今回は2025.07.21のblog「プロセス絵画1」の続編です。少し進展したので報告致します。「プロセス絵画」では、音楽やインターラクション、クルマの運転等は、目的を果たした時に、その過程(プロセス)がモノとしては何も残らない。音楽だけは、録音と再生デバイスおよびプロモーションが発達したおかけで、普及していると述べました。そして、インターラクションの体験や目的地へ行くまでの運転過程を何とか保持する方法として、プロセス絵画を提案しました。
プロセスが重要になる用途をもう一つ思いつきました。それはAIに関する案件です。AIによって人が作製したモノと、AIが生成・作製したモノと区別がつかなくなった時、何に価値が移るのかを検討しました。「人間は人間に興味があります」。ですので、それを作製するプロセスに意味を見出すのではないかと思いました。作製したモノの背後にあるナラティブです。これをきっかけに再度プロセス絵画を見直しました。

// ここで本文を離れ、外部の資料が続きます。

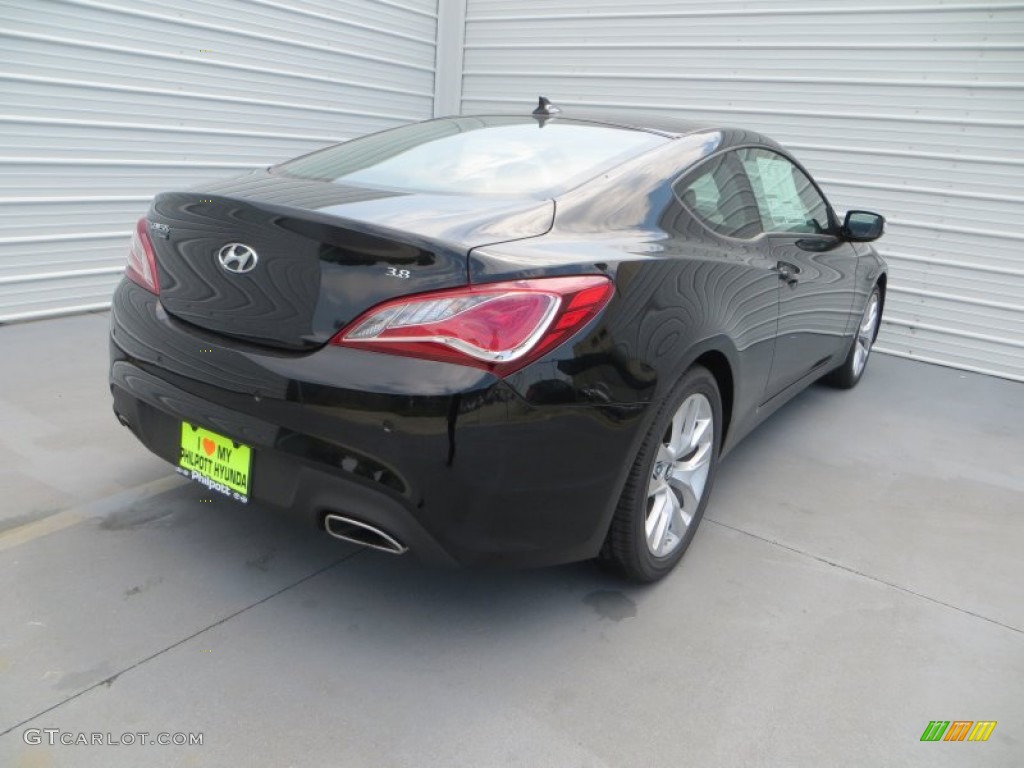 2013 Genesis Coupe 3.8 Grand Touring - Black Noir Pearl / Tan Leather photo #4
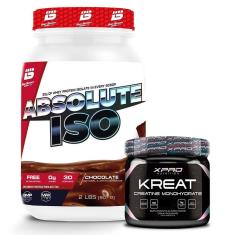 Whey Protein Absolute Iso 900g + Creatina 150g - XPRO Nutrition-Unissex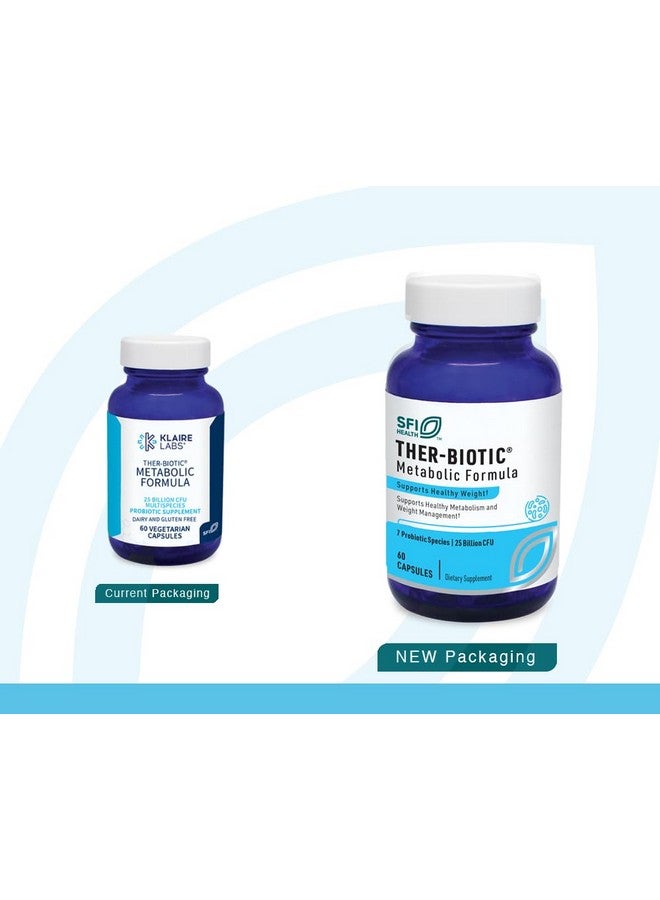 Klaire Labs Ther-Biotic Metabolic Formula Probiotic - Lactobacillus & Bifidobacterium Species - Healthy Weight Management, Metabolism + Immune Support - Vegetarian 25b CFU for Adults (60 Capsules) - Image 2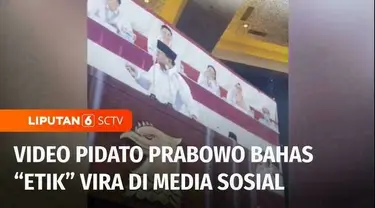 Video pidato Prabowo Subianto saat acara internal Rakornas Gerindra bocor dan viral di media sosial. Prabowo diduga membahas pernyataan Anies Baswedan yang menyinggung putusan MK saat debat kemarin.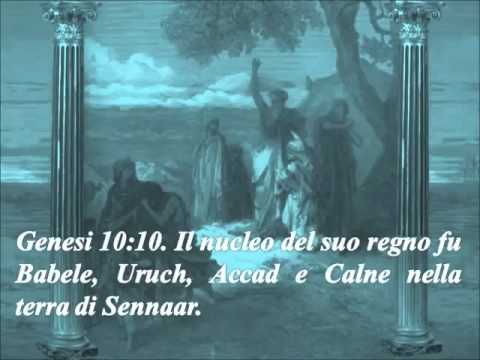 LA SACRA BIBBIA - GENESI CAP.  10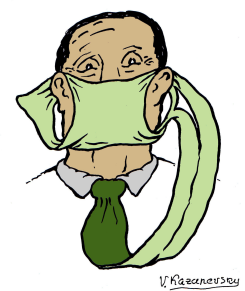 ANTI-CORONAVIRUS TIE by Vladimir Kazanevsky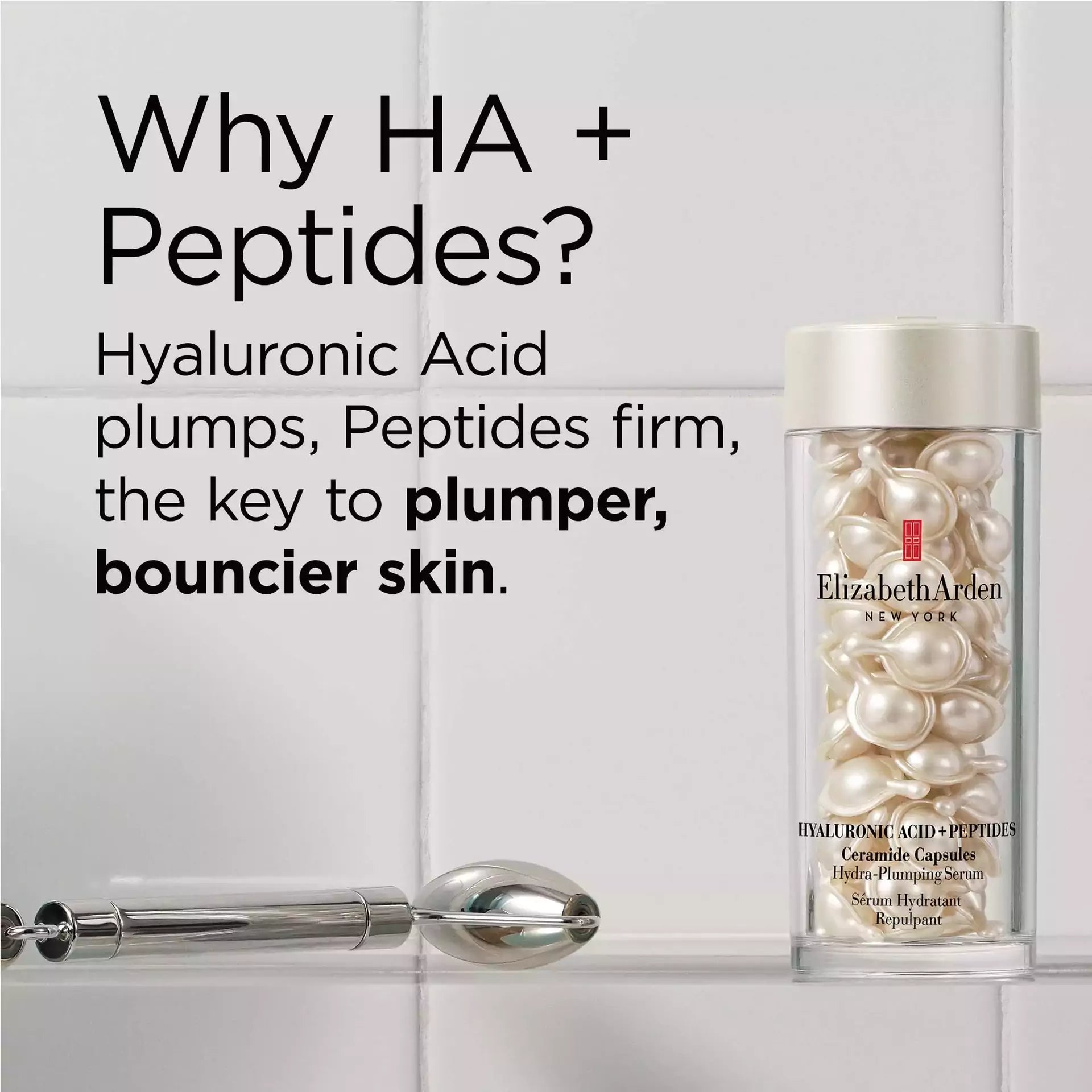 Hyaluronic Acid + Peptides Ceramide Capsules Hydra-Plumping Serum - Image 5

先回の「プロセス絵画」では、クルマの走行映像から複雑さパラメータを抽出し、それをx, yにあてはめ、zを映像全体を1とした現在の位置として、軌跡を描きました。そして全体の軌跡を描いた後、エフェクトをかけて抽象的な絵にしました。今回一番違うのは、軌跡そのものを絵になるようにした点です。技術的には新しいエフェクトを作製しただけです。その後AIを使ってその絵が何に見えるか尋ねています。もう一つ重要な点として、x, yの複雑さパラメータは同じですが、zを画像全体の複雑さパラメータに変更したことがあります。以前の方法では走行映像全体が分かっている必要があったのですが、今回は、x,y,zとも複雑さパラメータですから、走行しながら軌跡にエフェクトを掛けていき、途中の映像にも意味を見出すことができます。それでは作製した映像を見ていただきましょう。最初は長久手市街を走行した場合の映像です。走行している期間は長いので途中だけです。
次に、中央自動車道を走行した場合です。
映像の左上に走行場面を加えています。横方向に伸びるのは走行映像の中央に変化が在る場合です。特に顕著なのはカーブする時です。また道路に歩道橋のような橋や大きな看板がある場合にも反応します。縦方向に伸びるのは走行映像の左右の変化が大きい時です。ですので、狭い道に入った時や、建物が両サイドに沢山ある時等です。等高線のような表示ができたことで、走行過程の映像の見栄えが上がったと思っています。このように走行過程を抽象的な表現で表すことを、「動的抽象化」と呼ぶことにしました。2025.10.26のblog「フィジカル・インテリジェンス」で描いたポテンシャルも、もしセンサーデータを基にして描いたならば動的抽象化になります。音楽はMAXで作製した自動作曲です。これも複雑さパラメータを基にしていますので、音の強弱は場面と同期しています。こういう場面で、こんな風に変化するなら、この道はどうだろう、という気持ちが誘発できると思っています。次の映像は、長久手を走行した場合の全体の軌跡です。20倍速で軌跡を作製しました。
次にこうして作製した最終的な画像をAIに見せて、どんな生物あるいは動物に見えるかを描いてもらいました。AIはCopilotです。長久手を走行した最終画像からは生成した絵が次です。

中央自動車道の場合は次のようになりました。

なかなか、それらしい画像を生成しているのではないでしょうか?
長久手はカメレオンで、中央自動車道はクラゲです。
カメレオンは顔の形と、等高線が尻尾に表現されているように見えます。またクラゲは触手がちょうど、自動車道の料金所を通るところでできた広がりに対応しているのでしょう。長久手の市街地はカメレオンで、中央自動車道がクラゲなら、別のところは何になるだとう、夜に走行するとどうなるだろう等、気持ちを誘発します。
この2つの画像のように、走行軌跡とAIが作製した生物とを重ねると、また、それにちょっとした言葉を添えておくと、あの時あそこへいったなあー、と思い出すきっかけにもなるでしょう。
抽象的な画像に対して、AIに何に見えるか尋ねるのは面白いと思いました。プロセスデータの可視化と固定化、AIとの組み合わせは、プロセスに意味を与える可能性を感じました。